Judgment will be entered accordingly.

. LSA-R.S. 22:655.

. Jury trial was requested by plaintiffs on January 25, 1963, more than three years after suit was filed. Defendant objected and the court declined to permit a jury trial on authority of Fed.R.Civ.P., Rules 38(b) and 39(b).

. Judge Christenberry, to whom the p case was originally assigned, so ruled on January 24, 1961. No reasons for judgment were given. Judge Christenberry also overruled defendant’s plea of the one-year prescription for tort actions in Louisiana. Defendant contended that plaintiffs having amended their complaints more than one year after the accident, at which time they set forth in detail the basis of their demands against Travelers as insurer of Ethyl’s directors, stockholders, executive officers and employees, prescription has barred these suits. In the original complaints Travelers is def-finitely sued as the public liability insurer of Ethyl Corporation’s agents, servants or employees. The amended complaints merely clarified and amplified the allegations already made in the original complaints. On reconsideration, we deny the plea of prescription filed by defendant.

. Paragraph I of the Insuring Agreements section of the policy provides that The Travelers Insurance Policy agrees:

“To pay on behalf of the insured all sums which the insured shall become legally obligated to pay as damages because of bodily injury, sickness or disease, including death at any time resulting therefrom, sustained by any person and caused by accident.”
Paragraph III of the Insuring Agreements section of the policy originally read in part as follows:
“The unqualified word ‘insured’ includes the named insured and also includes any executive officer, director or stockholder thereof while acting within the scope of his duties as such, * * * ”

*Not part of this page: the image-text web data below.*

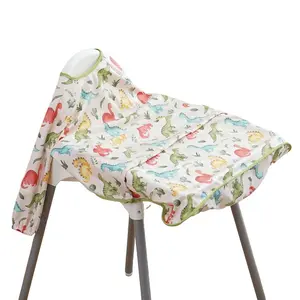 1Pc Summer Baby Bib and High Chair Cover Combination, Feeding Bibs, for 6-24 Month, Girl or Boy Toddler, Long Sleeved for Babies, Baby Led Weaning Essentuals for Eating, Feeding Babies, Mess Saving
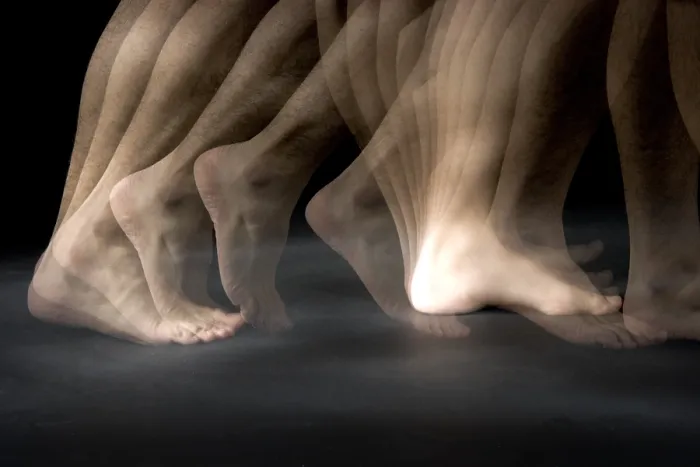 Framed Print : Walking. Stroboscopic image of feet walking Framed Print : Walking. Stroboscopic image of feet walking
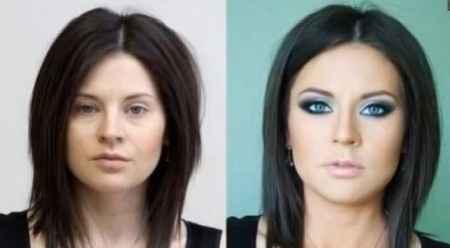 Sin y con maquillaje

Paragraph III was amended effective January 1, 1959 to read in part as follows :

“(1) Insuring Agreement HI definition of insured is hereby amended to also include employees of the named insured as insured while acting within the scope of their duties as employees.
“(2) The insurance afforded under this endorsement to such employees does not apply:
(A) Under coverage A to any employee with respect to injury to or sickness, disease or death of another employee of the named insured injured in the course of such employment;
(B) Under coverage B to injury * * * ” (Emphasis supplied.)

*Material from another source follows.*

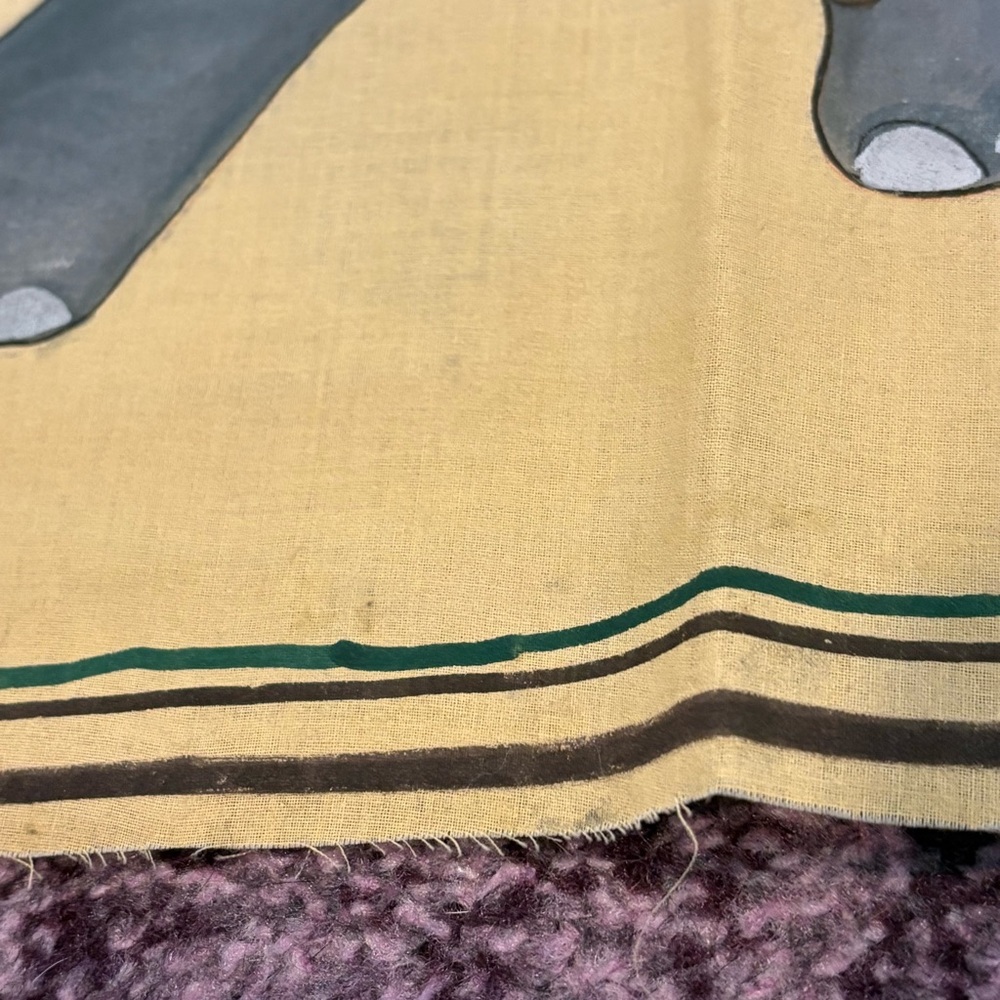 Made in India * Vintage Elephant Painting Tapestry Cloth Fabric EUC Retro Indian - Picture 10 of 11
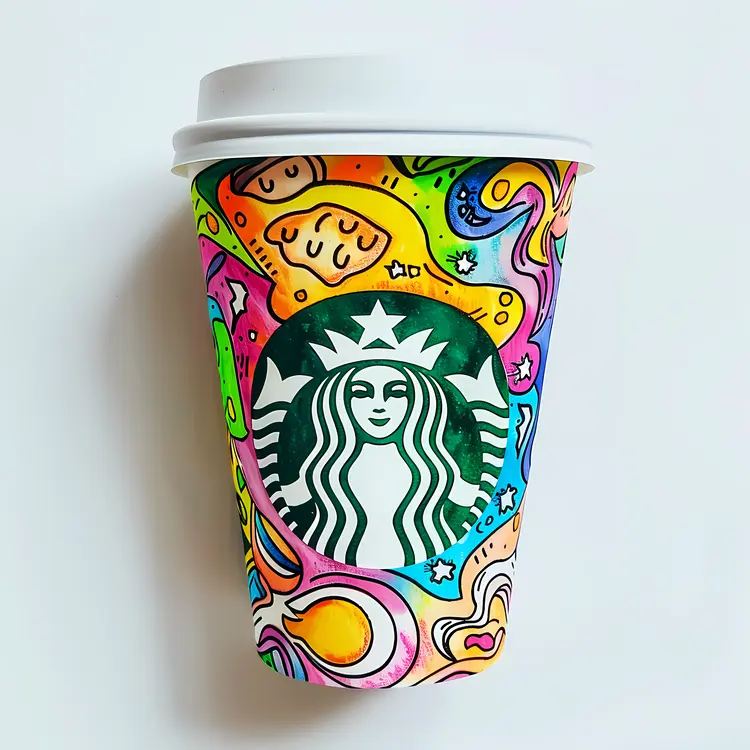 Colorful Starbucks Coffee Cup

. We do not necessarily concede that Caldwell was performing work which is part of the trade, business or occupation of Ethyl. Caldwell is a building contractor, Ethyl a chemical manufacturer. Malone, in Louisiana Workmen’s Compensation Law and Practice, § 125 at p. 152:

“Thus, work in the construction of buildings or equipment to serve an ordinary industrial establishment can. ordinarily be let out to a contractor without the retention of compensation liability under this section, and the same is true of major repairs and other specialized operations which are customarily performed by contractors for the business in question.”